A l’époque, les Japonais s’intéressaient principalement à la cuisine coréenne (kimchi et viande grillée, par exemple) et au tourisme. Ils se rendaient chez leur voisin pour y profiter des saunas coréens et des massages akasuri. Mais les choses ont changé, en 2000, lorsque le premier film d’action à gros budget Shiri réalisé par Kang Je-gyu a fait sensation au Japon. Son succès a été répété un an plus tard par la comédie romantique My Sassy Girl (Yeopgijeogin geunyeo) de Kwak Jae-yong qui a incité le journal Asahi Shimbun à forger l’expression Hanryû.
En 2002, l’album Listen to My Heart de la chanteuse BoA s’est écoulé à un million d’exemplaires, ouvrant la voie à d’autres artistes pour qu’ils conquièrent le monde japonais de la musique réputé fermé. Enfin, en 2003, Fuyu no sonata [Sonate d’hiver] est devenue la première série coréenne à remporter un franc succès à la télévision japonaise, attirant 23,8% de téléspectateurs aux heures de grande écoute, tandis que sa version DVD a été vendue en moins de quatre heures après sa sortie. Les produits dérivés de la série ont généré un revenu de plus de 3,5 millions de dollars et l’acteur principal Bae Yong-joon (ou Yon-sama, surnommé affectueusement par ses fans) est devenu une star et a été accueilli par quelque 3 000 femmes lors de sa visite au Japon en 2004. Quel que soit le produit présenté, il a remporté un succès immédiat grâce au visage suave de Bae.
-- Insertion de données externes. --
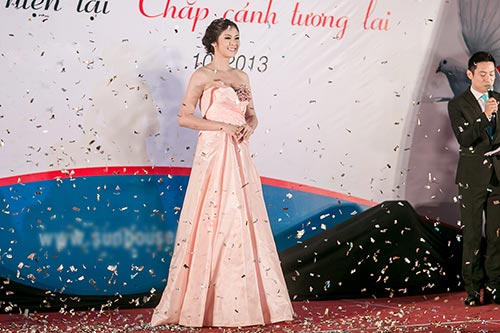 HH Ngọc Hân e thẹn khoe ngực đầy - 9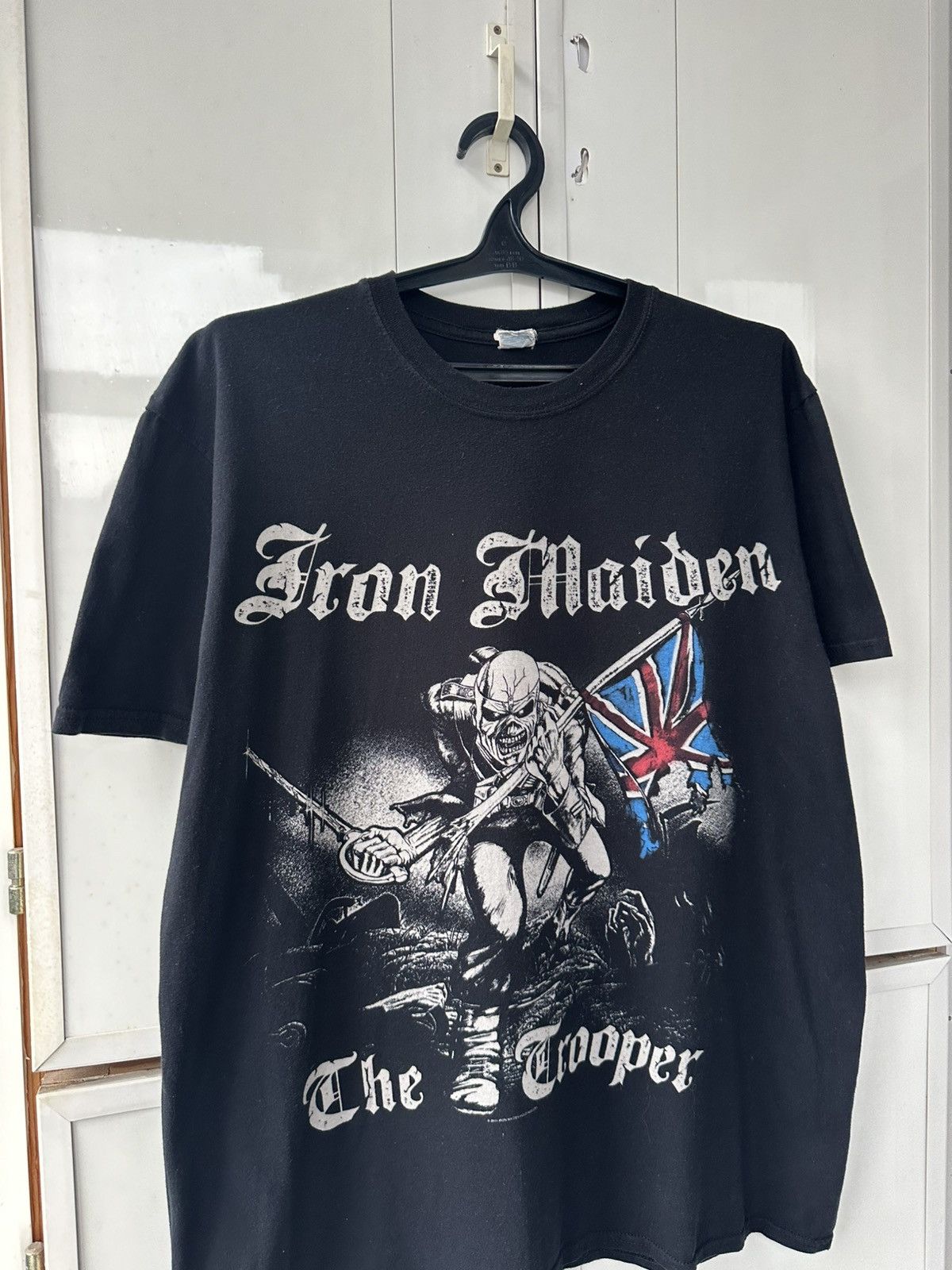 Vintage Vintage Iron Maiden T-shirt “The crooper” Print Size US L / EU 52-54 / 3 - 7 Thumbnail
Même les hommes japonais ont essayé de s’inspirer du look de Yon-sama en se colorant les cheveux de la même couleur caramel. Le gouvernement coréen a contribué au succès des séries en assurant leur traduction dans d’autres langues et en s’adressant aux réseaux de télévision pour avoir la possibilité de les diffuser à l’étranger.
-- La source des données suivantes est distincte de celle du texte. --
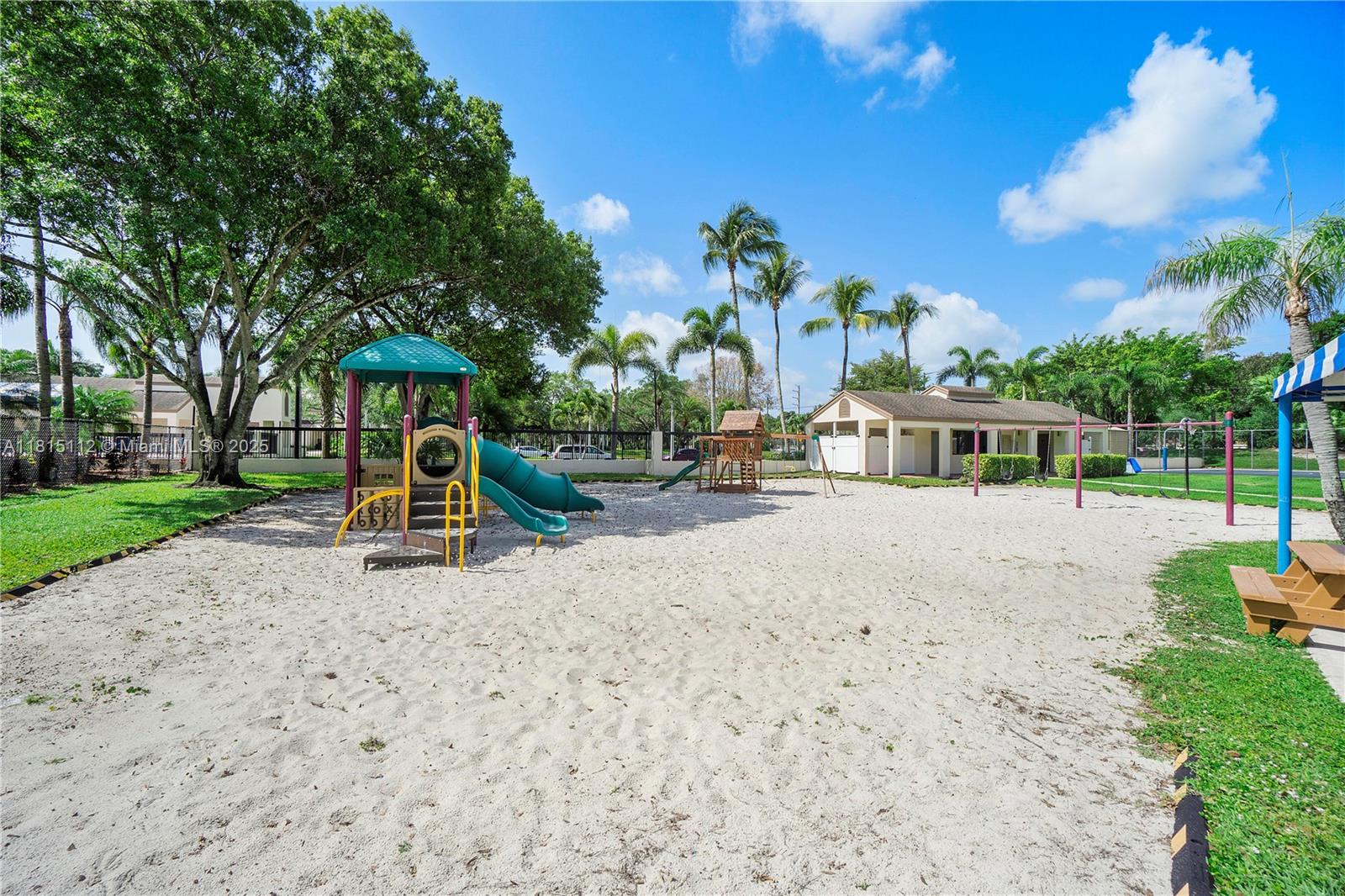 3773 Cocoplum Cir #3575, Coconut Creek, Florida image 43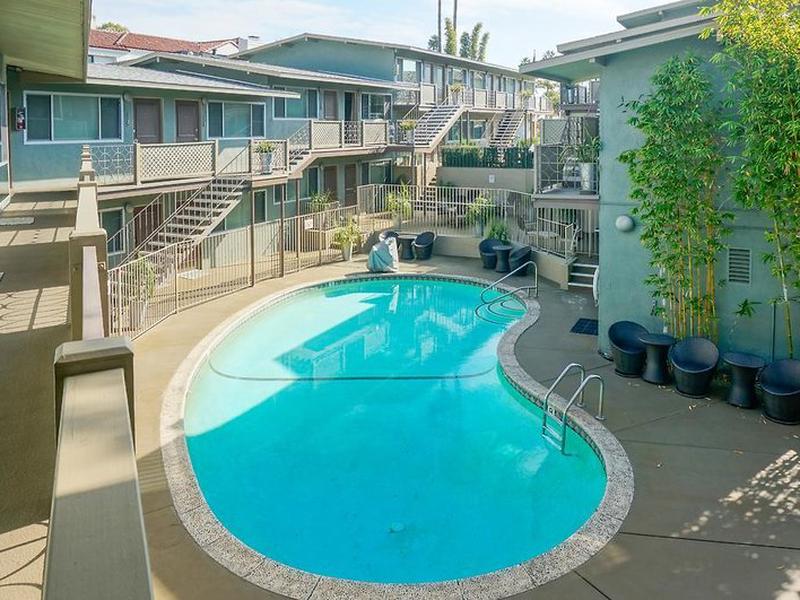 FDEB1D88CE5FE234EE8D1DCAB40B9E10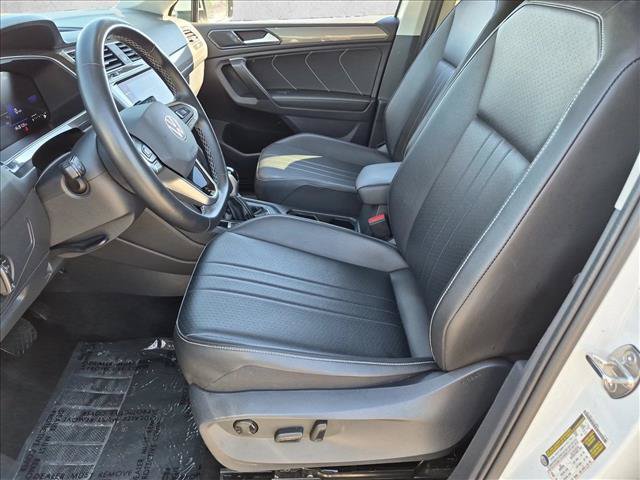Used 2024 Volkswagen Tiguan SE AWD/4WD image 22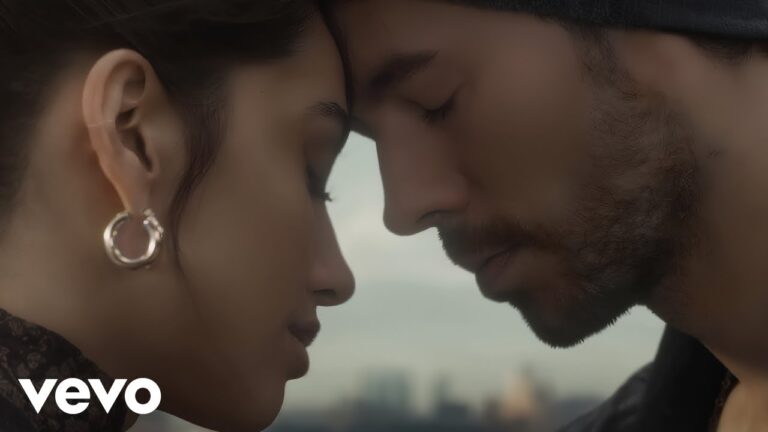 ASI ES LA VIDA Lyrics In English Translation|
En 2004, le nombre de voyages en Corée effectués par des Japonais a augmenté de 40 %, tandis que 2 millions de Japonais ont visité les lieux de tournage de Fuyu no sonata et d’autres œuvres. Au point d’avoir des conséquences sur l’environnement et d’obliger la fermeture de certains sites. Cette forme de tourisme a atteint de nouveaux sommets à chaque fois qu’une nouvelle série télévisée mettant en scène Yon-sama était diffusée sur les petits écrans. Parmi elles, on peut citer Dae Jang Geum (Jewel in the Palace), une série en costumes mettant l’accent sur les liens historiques et culturels entre la Corée, la Chine et le Japon avec de nombreuses intrigues à la cour impériale. Encore une fois, les Japonaises ont adhéré au personnage réconfortant et sympathique incarné par Yon-sama.
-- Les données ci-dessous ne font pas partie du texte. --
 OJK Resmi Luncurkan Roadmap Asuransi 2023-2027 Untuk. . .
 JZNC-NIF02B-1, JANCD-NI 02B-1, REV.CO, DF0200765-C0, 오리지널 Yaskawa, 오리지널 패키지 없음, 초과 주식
Même si récemment, les séries télévisées coréennes ne dominent plus autant les écrans, elles conservent une base de fans solide dans l’Archipel, probablement parce que la barrière culturelle n’est pas difficile à franchir et que la plupart des téléspectateurs se retrouvent dans les histoires. L’impact de la culture pop coréenne sur le public japonais s’est même étendu à l’apprentissage des langues. Le nombre de personnes s’intéressant à l’apprentissage du coréen a considérablement augmenté, en faisant la quatrième langue étrangère la plus populaire après l’anglais, le français et le chinois.